Investing in top talent is like money in the bank

To recruit and retain talented professionals, commercial real estate companies must recognize that employees are one of their most valuable assets. Highly skilled employees bring companies new business, increase revenues, build strong client relationships, provide referrals, and gain industry recognition. Real estate executives must assess how their companies measure up in the marketplace and be willing to make changes to remain competitive. If a company’s employees are not getting what they want and need, the competition will do its homework to figure out what it takes to lure top achievers.

To bring in — and retain — the industry’s best and brightest, commercial real estate companies should view their employees as they view their real estate investments: Are they hiring candidates who will perform and provide the greatest return on investment? Are they maximizing the value of their people by providing the tools and resources required for top performance? Are they protecting their investments by building strong relationships with their employees?

Recruiting Strategies

Companies must develop strategic, aggressive, and creative recruiting plans to attract the best talent in the marketplace. Contrary to popular thought, recruiting is not about filling open positions. Rather, companies should identify the most skilled candidates available in the marketplace and look for opportunities to bring them into the organization. The first step is to develop a recruiting culture in which every organization member plays a significant role. Empower all employees to become talent scouts; encourage them to set up introductory meetings between industry professionals and the company’s hiring managers. Establish an attractive incentive program to reward staff referrals. Make it worth employees’ time to proactively seek out professionals and sell them on the company.

Employee referrals are the best way to recruit top talent according to 58 percent of human resources executives who responded to Spherion Atlantic Enterprises’ Emerging Workforce Study. A basic employee referral program generally produces 25 percent to 30 percent of all hires. However, companies that implement best practices in their employee referral program routinely attribute the program with generating up to 75 percent of all new hires. While communication and promotion are keys to successful referral programs, so are incentives: Employee referral bonuses average $1,200 and are one of the most cost-effective ways to recruit talent, according to the Society of Human Resource Management. Companies that are on limited budgets can develop other innovative rewards such as extra vacation days, travel vouchers, gift certificates, and employee recognition programs. Tokens of appreciation from company managers, such as a thank you letter or going out to lunch, also go a long way.

Companies also should encourage industry leadership and involvement with professional organizations such as the CCIM Institute to help promote the company and its people. This gives staff members opportunities to scout for talent and build relationships with fellow professionals. Building rapport and long-term relationships with other industry professionals will make these individuals more open to recruiting invitations.

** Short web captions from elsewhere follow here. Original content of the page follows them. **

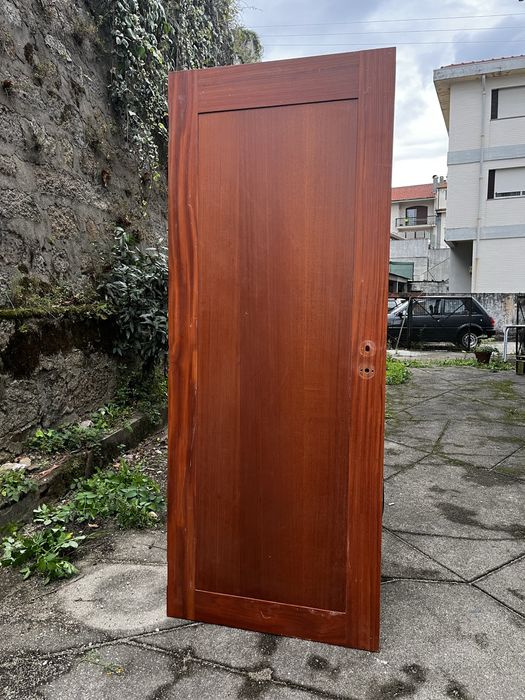 Portas Novas com ferragem
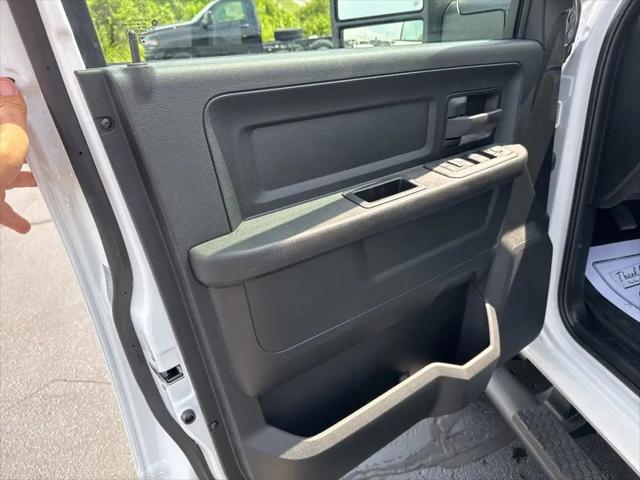 2025 Ram 2500 Tradesman Crew Cab 4x4 6'4" Box
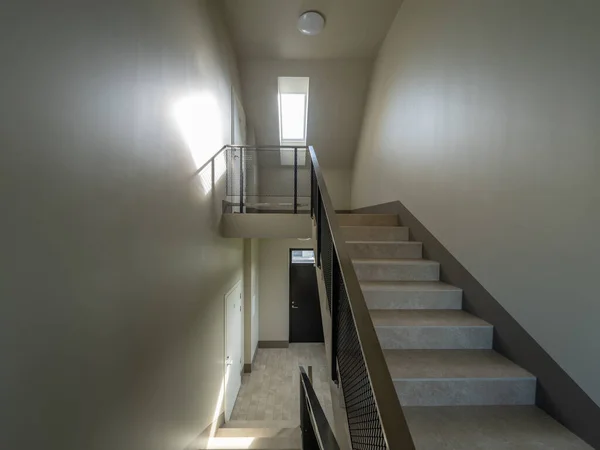 Modern fény intetior bejárat lakóépület. — Stock Fotó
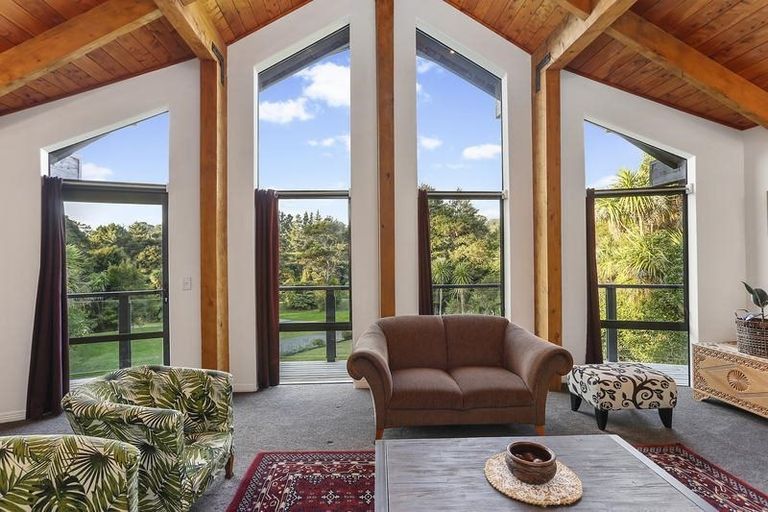 Photo of property in 25 Cochran Road, Oratia, Auckland, 0604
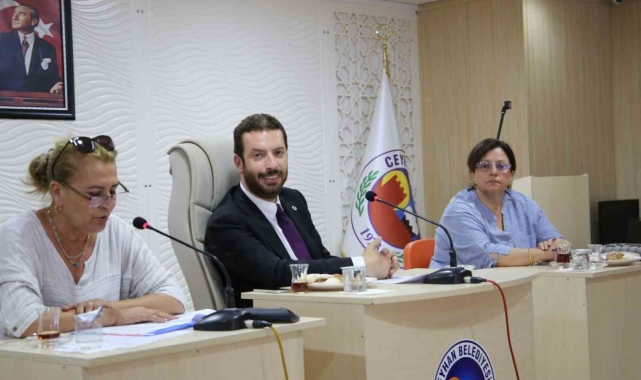 Ceyhan Belediyesi Meclis Toplantısında İsrail'in Filistin'e yönelik saldırıları kınandı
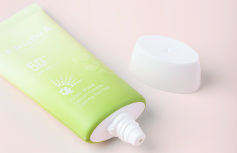 Солнцезащитный крем-гель с зеленым виноградом Себум контроль SPF50+PA++++ FRUDIA Green Grape Sebum Control Cooling Sun Gel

To further develop relationships with prospective employees, companies should consider hosting events for local real estate professionals. Networking receptions, an industry speaker, a training topic, or a profile of a local real estate project can act as the nucleus for such events. Companies can target top industry professionals and limit the attendance to the first 25, 50, or 75 respondents for a more intimate gathering. Creating a relaxed, no-agenda atmosphere provides an opportunity for industry professionals to become familiar with the company as well as its leaders and employees.

Another strategy is for commercial real estate companies to grow their own talent. When hiring, organizations should view entry-level candidates as potential members of a future executive team. Companies that invest time and resources in such candidates will have a leg up on their competition.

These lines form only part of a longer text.